昨年の今頃、友人Cが大玉のグースベリーを持って遊びに来てくれた。彼女には、かねてより種が欲しいので良く熟れたグースベリーがあったら持ってきて、と頼んであったのだ。そういう種類なのだろう、一粒が葡萄のデラウエアと同じくらい大きい。食べるのもそこそこに私は種を取り出してちり紙にくるんで乾燥させた。大事にしすぎて一時行方不明になったが、この春無事に発見でき、牛乳パックの即席苗床に蒔いた。

出費が重なったとはいえ、気持ちが随分と暗くなっていたのは、そんな時期だった。元来私はケチである。モノを買うまではあれこれ逡巡し迷うが、(それでも買ってしまった後は綺麗さっぱり忘れる)しかし、精神の落ち込んでいるときはそうは行かない。これが連鎖反応を引き起こし、いよいよ落ち込むのだ。

せっせと水をやり、毎朝心の中で声を掛けた。しかし、待てど暮らせど芽は出ない。人工交配された種なのだろう、あらかじめCからは、タネでは増やせないかもしれない、と言われていた。数十粒蒔いたにもかかわらず、ひとつとして出ない。

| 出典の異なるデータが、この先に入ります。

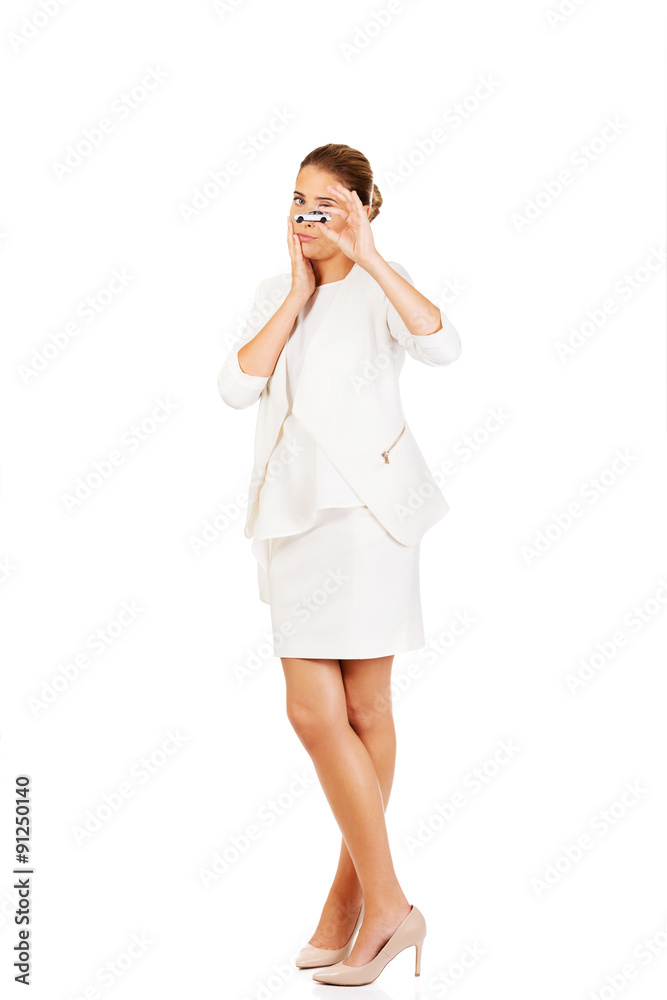 Young businesswoman holding a toy car Young businesswoman holding a toy car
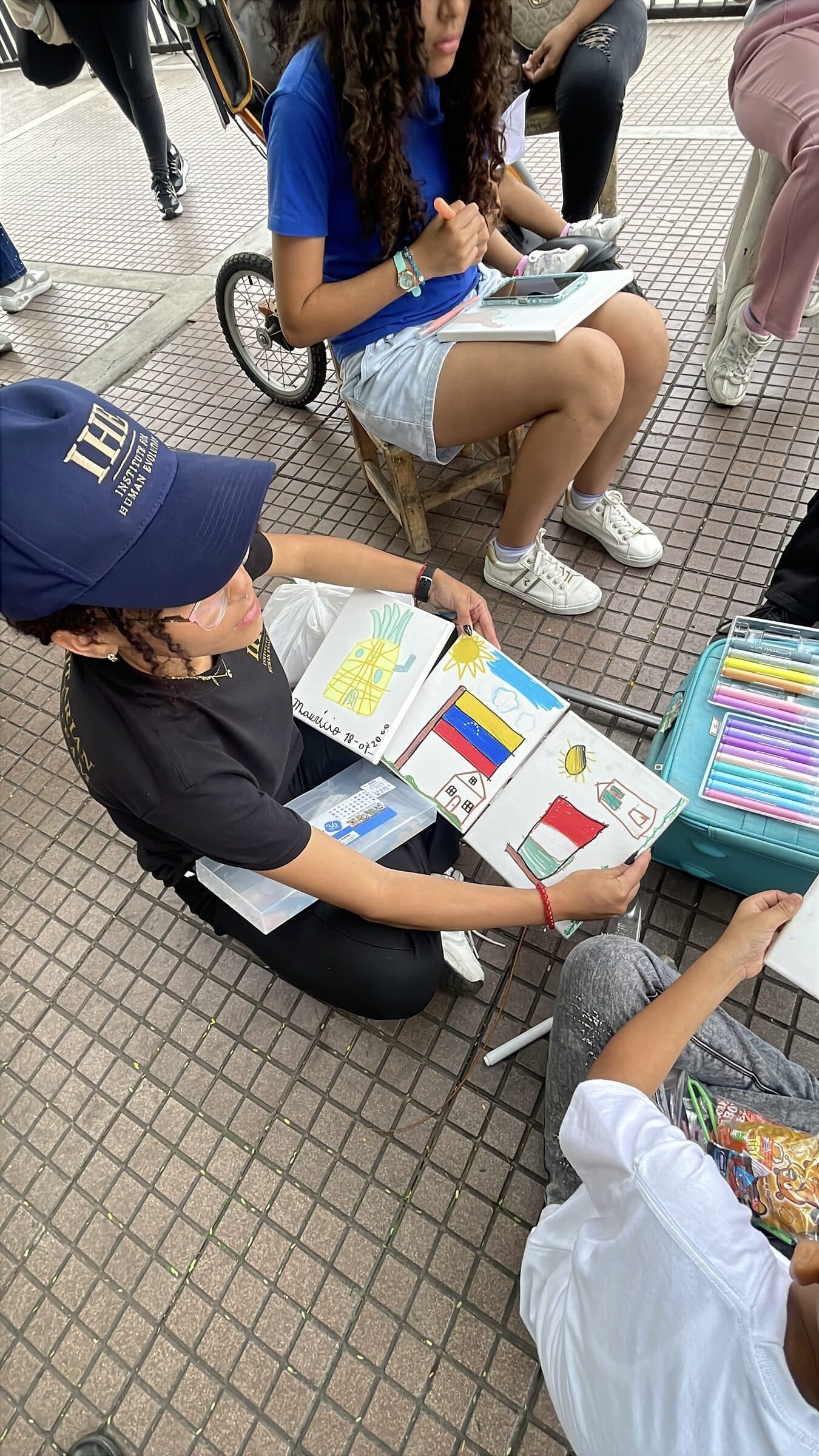 An IHE volunteer in a team cap holds up three finished canvases painted by children, including a Venezuelan flag and a pineapple.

ある朝、ざらついた苗床の土の表面をなめるように見ていた。そこに白い何かが見えた。昨日まではなかった何かがあった。私は最初に雑草を疑った。飛んできた雑草のタネがここで発芽してもおかしくはない。欝期とはそういうものなのだ。数日たってタネの黒い殻が土から浮かび上がり、、やがてそれが脱け落ちて双葉になった。さらに数日たってから双葉の真ん中から小さくもグースベリーの特徴ある葉が出てきた。

私は早朝のひんやりとした空気の中で、ひとり欣喜した。


写真は6月22日のもの。定規の50mmの下に白い茎が見える^^;



これは今撮ったもの(8月6日)。ちゃんとグースベリーの特徴である棘(トゲ)も出てきた。
              

追記・・・日本語ではグズベリと呼ぶようだが、例によって間違った英語である。敢えてカタカナ英語で言うならグースベリーである。Goose Berry すなわちアヒルの小果実である。